Los progresos de la electrónica, en especial el invento del transistor miniaturizado, hacen relativamente fácil escuchar, ver, grabar, filmar o desnudar a una persona sin que se dé cuenta, tanto en lugares públicos como en lugares en donde tiene razones más que suficientes para creer que está sola. La capacidad de rastreo de la informática no está sola; junto a ella crece y se desarrolla una multitud de artefactos diabólicos: micrófonos del tamaño de una lenteja, fibras ópticas capaces de hacer que la luz doble esquinas, rayos infrarrojos para ver en la oscuridad, ventanas polarizadas para observar sin ser visto, tintes fluorescentes para no perder a la víctima entre la muchedumbre de un estadio, linternas tipo aguja para leer dentro de sobres lacrados... La popularización de estos medios de registro hace posible el espionaje privado en condiciones que no tienen medida de comparación con las técnicas artesanales utilizadas en otros tiempos por maridos celosos o porteras indiscretas.

Los detectives y empresas de información empiezan a ser peligrosos; pero el peligro real aparece cuando utilizan tales medios (o pueden utilizarlos) órganos del Estado que escapan en gran medida a los controles jurídicos y parlamentarios, a los que, en buena ley (bien redactada y mejor cumplida), deben estar sometidos como servicios públicos que son.
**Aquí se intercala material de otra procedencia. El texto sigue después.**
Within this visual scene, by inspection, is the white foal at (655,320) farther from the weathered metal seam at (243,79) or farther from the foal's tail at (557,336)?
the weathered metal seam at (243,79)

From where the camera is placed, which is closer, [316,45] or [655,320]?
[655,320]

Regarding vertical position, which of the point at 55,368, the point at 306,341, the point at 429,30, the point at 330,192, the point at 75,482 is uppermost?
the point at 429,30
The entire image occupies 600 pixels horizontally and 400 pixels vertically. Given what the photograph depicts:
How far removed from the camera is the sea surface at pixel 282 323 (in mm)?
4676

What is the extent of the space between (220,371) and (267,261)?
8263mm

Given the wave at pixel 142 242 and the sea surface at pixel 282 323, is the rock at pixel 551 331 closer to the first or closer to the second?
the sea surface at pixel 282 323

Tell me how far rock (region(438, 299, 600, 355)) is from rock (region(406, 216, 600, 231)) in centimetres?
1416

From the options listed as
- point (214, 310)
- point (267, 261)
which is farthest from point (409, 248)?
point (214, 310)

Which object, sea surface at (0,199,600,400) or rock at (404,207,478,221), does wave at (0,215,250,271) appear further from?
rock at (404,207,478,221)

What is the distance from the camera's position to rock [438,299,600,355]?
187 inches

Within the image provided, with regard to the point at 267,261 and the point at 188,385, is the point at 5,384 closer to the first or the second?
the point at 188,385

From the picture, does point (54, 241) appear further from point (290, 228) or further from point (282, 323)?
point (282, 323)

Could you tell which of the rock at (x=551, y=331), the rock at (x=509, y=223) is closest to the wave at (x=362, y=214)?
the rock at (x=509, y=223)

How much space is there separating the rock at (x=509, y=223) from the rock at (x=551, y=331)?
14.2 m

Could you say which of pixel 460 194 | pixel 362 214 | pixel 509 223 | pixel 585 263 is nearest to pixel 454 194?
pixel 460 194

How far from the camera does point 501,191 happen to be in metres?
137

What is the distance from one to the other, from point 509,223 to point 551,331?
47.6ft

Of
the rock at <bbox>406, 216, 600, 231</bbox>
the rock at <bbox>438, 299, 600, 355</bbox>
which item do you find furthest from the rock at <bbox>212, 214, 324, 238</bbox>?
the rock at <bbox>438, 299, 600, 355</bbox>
La escucha telefónica puede ser un ejemplo.

Lo de ser un número también dejó de ser una imagen retórica. Somos una colección de números a través de los cuales se puede rastrear por fascículos nuestra biografía completa. Los dígitos del documento nacional de identidad, de la matrícula del coche, de la cartilla del seguro, de la cuenta corriente, de la tarjeta de crédito, del carné del Atlético, nos delatan de forma sistemática y, por si aún existiera un posible escape, los detallados cuestionarios para cualquier trámite, desde alquilar la habitación de un hotel a obtener un empleo, no digamos la declaración de la renta, hacen el resto.

Cuando la técnica y la burocracia se unen en un cerebro electrónico sin la debida protección jurídica, la amenaza abandona el campo espiritual para pasar a la acción directa. El asesinato por ordenador ya se dio en el año ochenta. Carlos García Romero, albañil, padre de cinco hijos, se encontró en una situación muy peculiar cuando fue asesinado por una computadora del Insalud. "Para el mundo no existo, estoy muerto", comentó el hombre, que desde comienzos del año intentó convencer a la Seguridad Social de su pueblo, Lobato, de que estaba vivo. Los funcionarios le aseguraron que resucitaría al mundo oficial con la confección del siguiente listado, que no se preocupara; mientras tanto, al caducar por defunción su seguro de desempleo, la esposa cobró su pensión de viuda, y de eso vivieron unos cuantos meses.

La protección legal es lo único que puede salvar a nuestro matrimonio (de intereses) con la informática. De momento hay que convencer al señor Moscoso de que la intimidad sí es un concepto individualista, pero no elistista, ni mucho menos anticuado; sin intimidad, la robotización puede terminar en "obedece; es barato, cómodo y evita responsabilidades", lema de Asimov (por no citar una vez más a Orwell) en uno de sus mundos no tan imaginarios.